The 10 valuable pennies – dating back roughly 900 years – have attracted the interest of experts at the Potteries Museum and Art Gallery after being declared as treasure.

The coins are the first of their kind discovered in the county.

Mr Withers discovered them spread out across an area of a few square metres.

He suspected a larger store may have been disturbed by a tractor when the field was ploughed during the previous summer.

He said that although he suspected there could be far more treasure, he could not find anything more with his E- Trac metal detector, which only scan could roughly 12 inches down. Graham has recently upgraded to a Blisstool V5.

Graham also told how the area was too wide and he was not able to dig deeper.

Teresa Gilmore, finds liaison officer at Birmingham Museum, confirmed the coins had been examined by medieval currency expert Barrie Cook, and had been confirmed as short cross pennies from between the reigns of Henry II and Henry III.

With a number of different coins among the 10 items discovered, she said the suspicion was that the coins were part of a larger hoard, rather than items lost or dropped.

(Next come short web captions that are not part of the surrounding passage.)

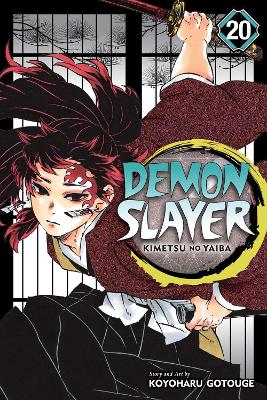 Demon Slayer: Kimetsu no Yaiba, Vol. 20 book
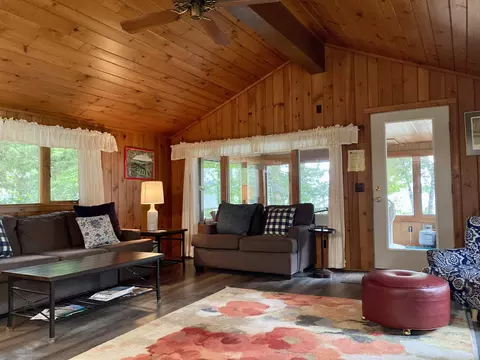 Living - 8115 S Rustic #LOT : 5, Cedar, MI 49621 photo 3 of 4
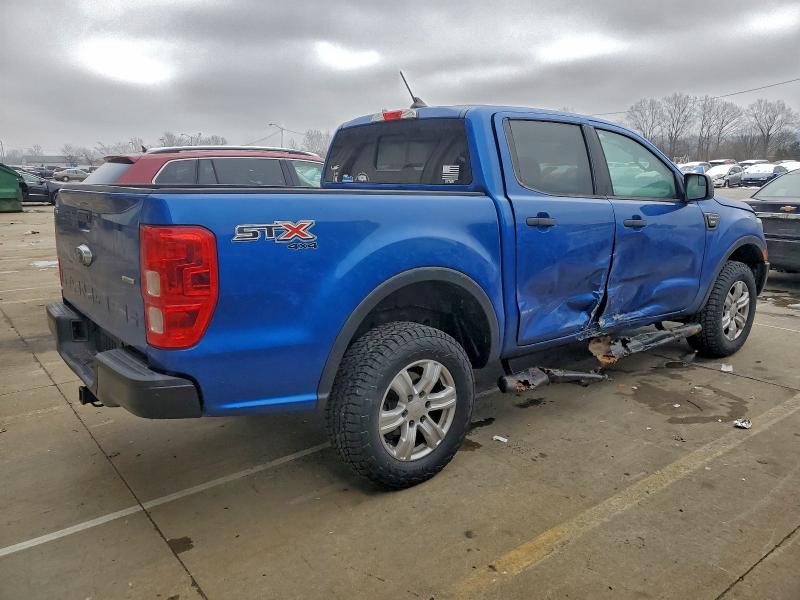 2019 Ford Ranger VIN 1FTER4FH8KLA86126 COPART salvage auction — SIDE, Other, sold $7,000 on 2026-08-24 (photo 3)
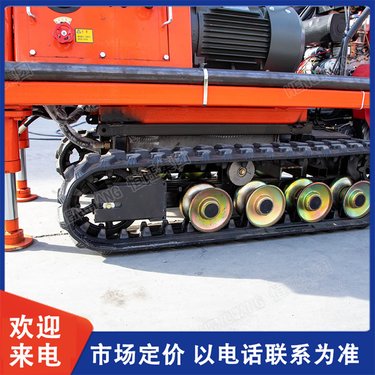 井下探水勘探设备 ZDY坑道钻机 噪音低 厂家现货 恒旺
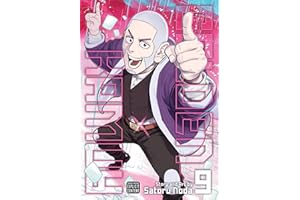 Golden Kamuy, Vol. 9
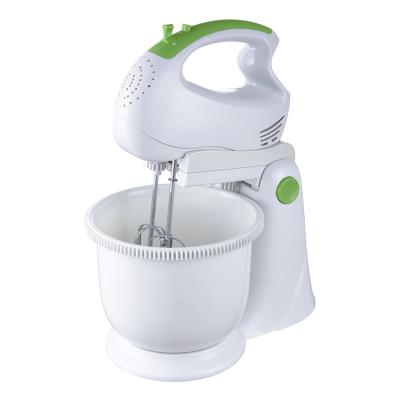 China New Model Commercial High Power Electric Motor Hand Dough Mixer With Bowl for sale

“The profile is a bit odd for a hoard of this size,” she said.

“The profile would fit with them being part of a larger assemblage.”

Ms Gilmore said experts had yet to excavate the site to hunt for a larger hoard, but similar finds elsewhere in the country contained hundreds of items.

However, she cautioned that the number of coins discovered made it difficult for experts to be sure about further finds.

She said: “Ten coins is a very small sample size – it’s hard to be definite.”

The coroner’s court heard how experts from the Potteries Museum and Art Gallery were now considering whether they could put the items on display.

North Staffordshire coroner Ian Smith: “I’m more than content to make an order that all of these 10 coins are treasure, within the meaning of the Treasure Act.”Presumably some compensation will come in due course.”

There is some sad news regarding the hoard. A former colleague of Graham’s attended the site with him and also found an 11th coin. When contacted by the finds liaison officer, the gentleman in question denied any knowledge of the coin, or his involvement in detecting the site. The landowner also reported to Graham of potential “Night hawking” at the site after the find and before the report to finds liaison was made.